Recently a satellite constellation called Iridium has been activated. This system uses 66 satellites in Low Earth Orbit (LEO) and claims to have close to 100 percent ground coverage. Utilizing low orbits enables less powerful transmitters to be used plus the usual time lag encountered in transmissions is cut in half.
Heavenly bodies have provided travelers throughout the ages with a means of navigation. By employing tools such as a sextant our ancestors could sight a celestial body and determine its precise angle to the horizon. A star map would then be used to determine the position of the navigating vessel. An accurate chronometer was another valuable tool as time is a key factor used to plot positions.
Around 1970, the United States Navy developed an orbiting satellite called TRANSIT to assist in the navigation of nuclear submarines. The principle was simple; the satellite would continuously transmit radio signals and as it moved closer to a receiver the frequency would increase and as it moved further away a frequency decrease would be noticed. Within a few years, a system of global radio navigation based on satellites was envisioned and the NAVSTAR Global Positioning System (GPS) was born.
NAVSTAR's 24-Satellite Constellation
The space segment consists of a 24-satellite constellation. In addition to being equipped with radio receivers and transmitters the satellites carry an atomic clock to be used for distance calculations and although the main mission is position determination various GPS satellites carry a Nuclear Detonation Detection System. Should an atomic blast occur, an electromagnetic pulse sensor would record it and through internal computations the exact time and location would be pinpointed and reported.
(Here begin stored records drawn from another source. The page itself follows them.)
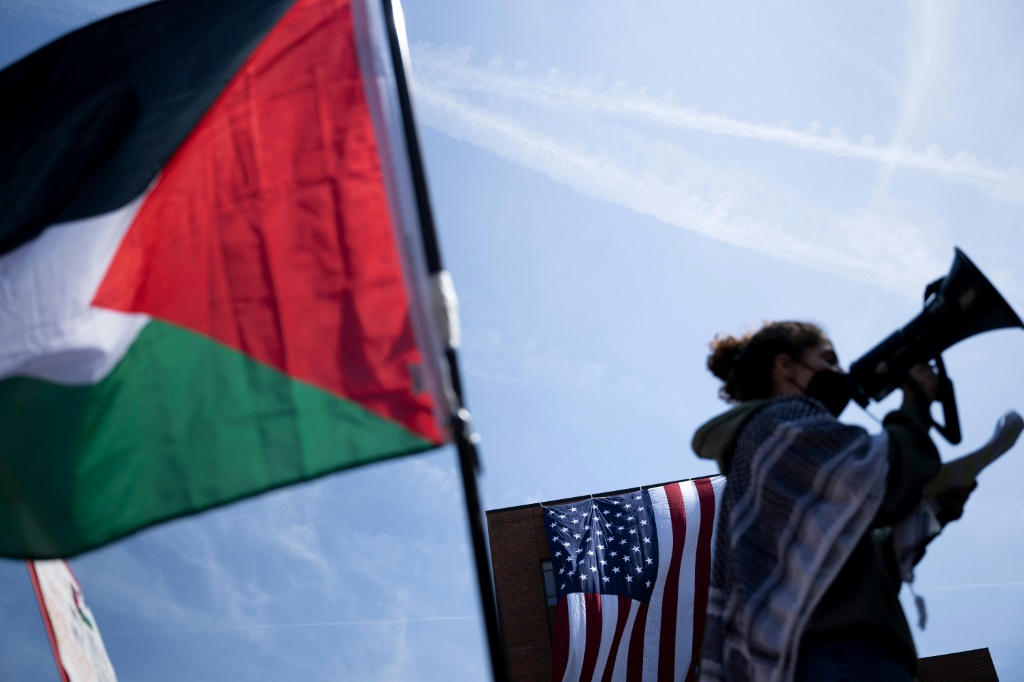 متظاهرون ينظمون اعتصاما تأييدا للفلسطينيين في جامعة جورج واشنطن في واشنطن العاصمة، في 3 أيار/مايو 2024 (ا ف ب)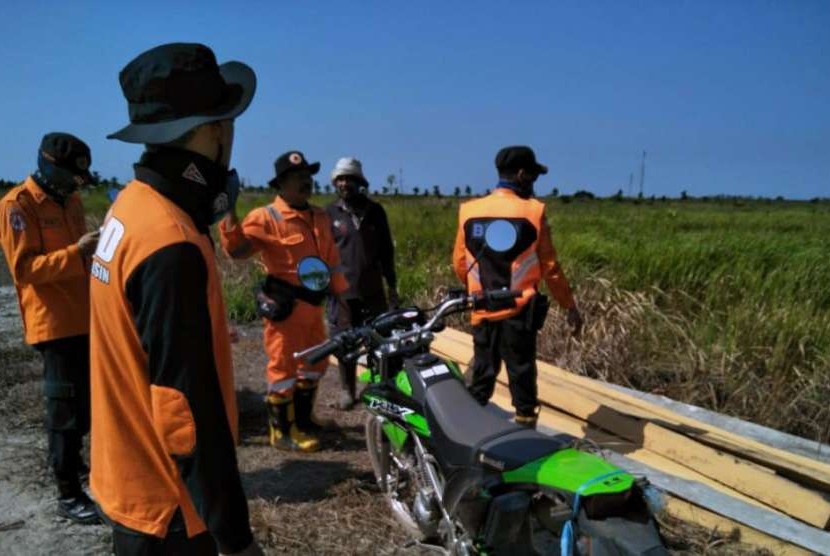 Petugas dari Badan Penanggulangan Bencana Daerah (BPBD) Kabupaten Musi Banyuasin (Muba) melakukan patroli darat menggunakan sepeda motor memantau titik //hotspot// atau kebakaran hutan dan lahan (karhutla) di daerahnya.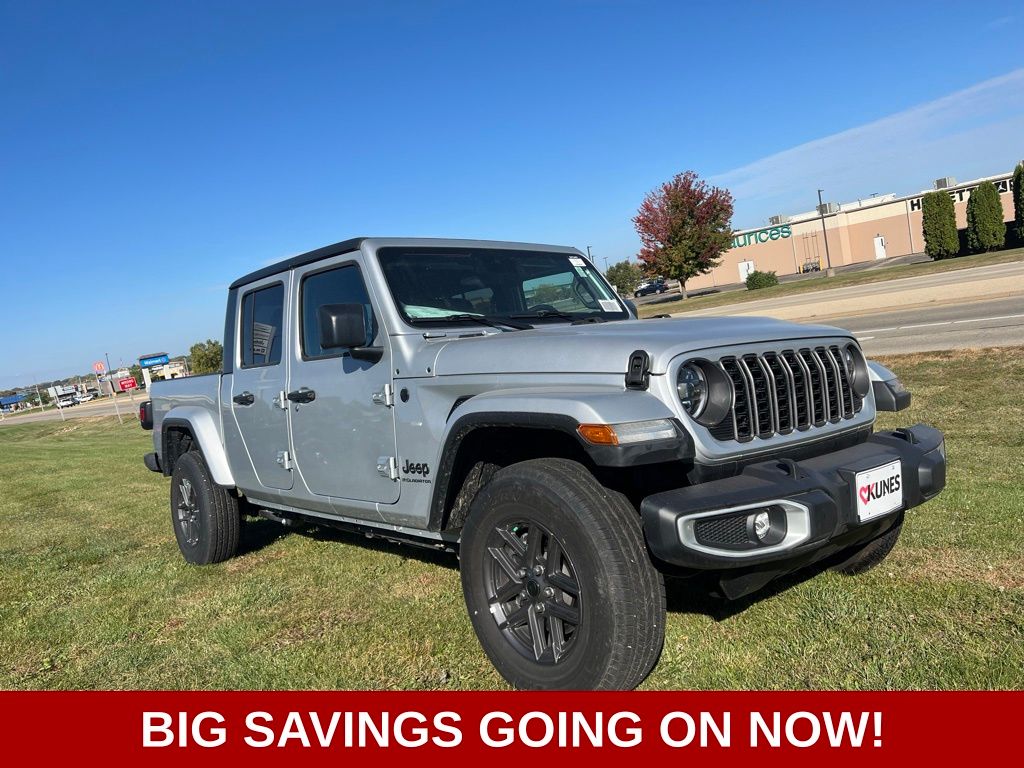 2024 Jeep Gladiator Sport photo 2
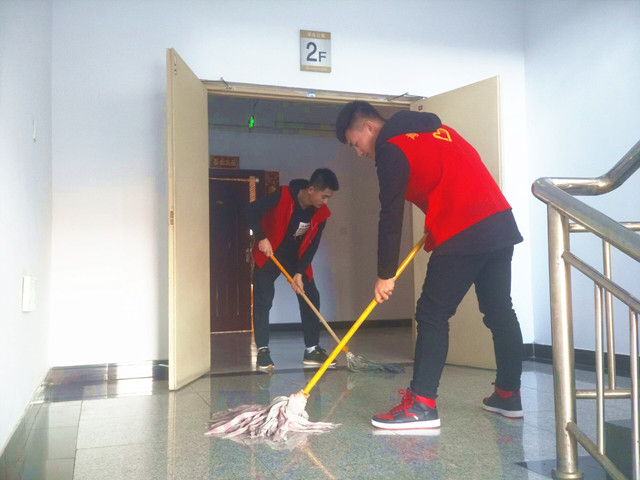 【完满班级】欢庆三八关注身边的那些女性劳动者——信工系软件1702班举办完满班级活动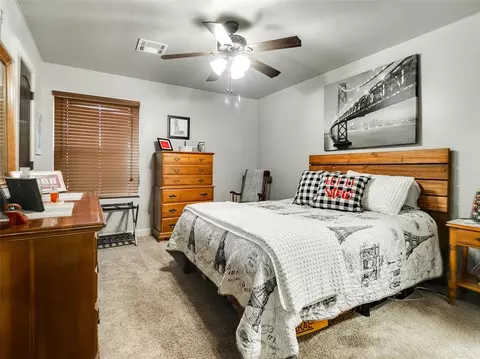 Bedroom - 1006 E 13th St, Cushing, OK 74023 photo 6 of 7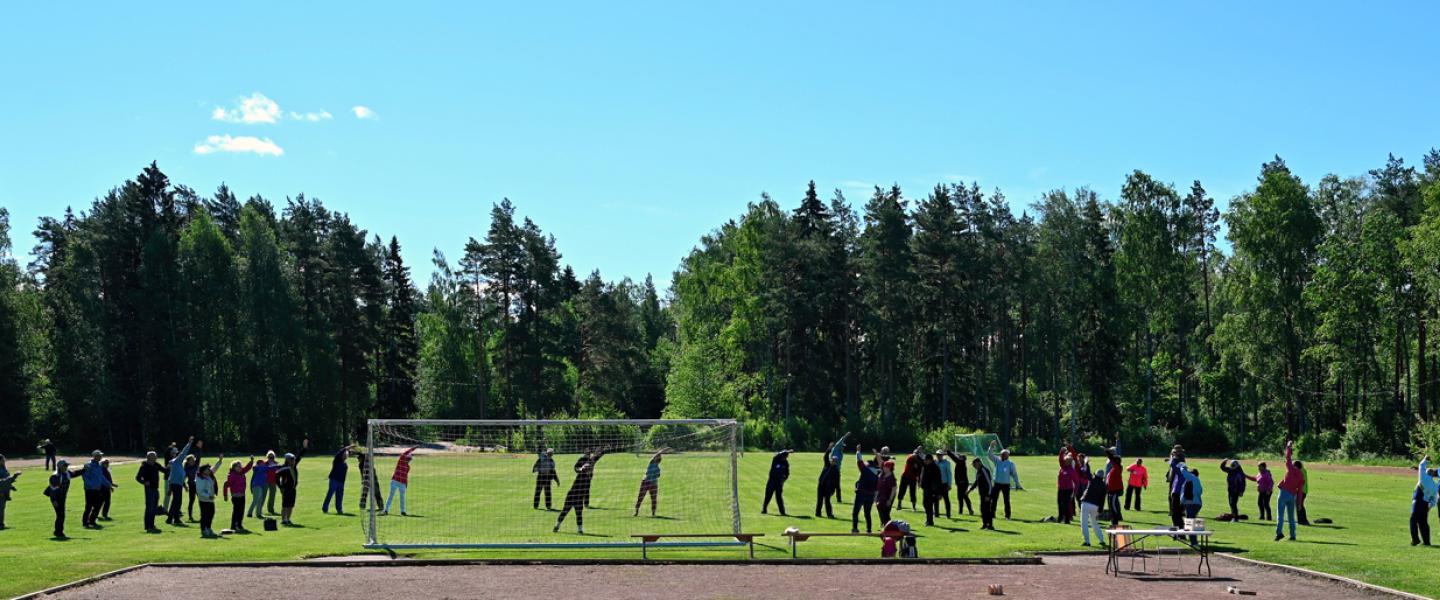 Taivassalon urheilukentällä verryttelyjumppa ennen alueen kilpailua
Full Operational Capability (FOC) requires 24 satellites to provide 100 percent coverage of the earth with three of these satellites in a reserve capacity. GPS satellites orbit at an altitude of 10,900 miles in six planes with three to four satellites in each plane. This constellation employs a semi-synchronous orbit, which means there is a four-minute per day difference between a satellites orbit time and the rotation of the earth. Positioning of these orbiting bodies is such that a minimum of five is normally visible by a user anywhere on earth at any given time.
GPS receivers will vary drastically depending on application. A typical handheld unit can display position in terms of latitude and longitude as well as provide both speed and direction computations. In most aircraft applications, position information is interfaced with a navigation database. This is frequently accomplished by accommodating GPS as part of the Flight Management System (FMS).
Rate X Time = Distance
The principle of GPS operation is based on time. Each satellite is scheduled to transmit two "L" band radio signals complete with a digital code that includes exact time of transmission. If the clock in the receiver is exactly synchronized with the satellite transmitter, an exact computation can be made to determine the distance between the two. This computation is based on the radio signal travelling at 186,000 miles per second and the ability of the receiver to know exactly when the signal was transmitted by the satellite and exactly when the signal was received.
Each satellite that is in range of the receiver will supply a radio transmission on a scheduled basis. The receiver then performs multiple computations and determines an exact distance to each satellite. Using the equation Rate X Time = Distance, and knowing the relative position of each satellite, the receiver can then process the data and come up with a very exact position based on the World Geodetic System map datum absolute earth's coordinates in degrees of latitude and longitude.
Only a few centuries have passed since communication was accomplished using smoke signals produced from fire and green wood. What will the future hold?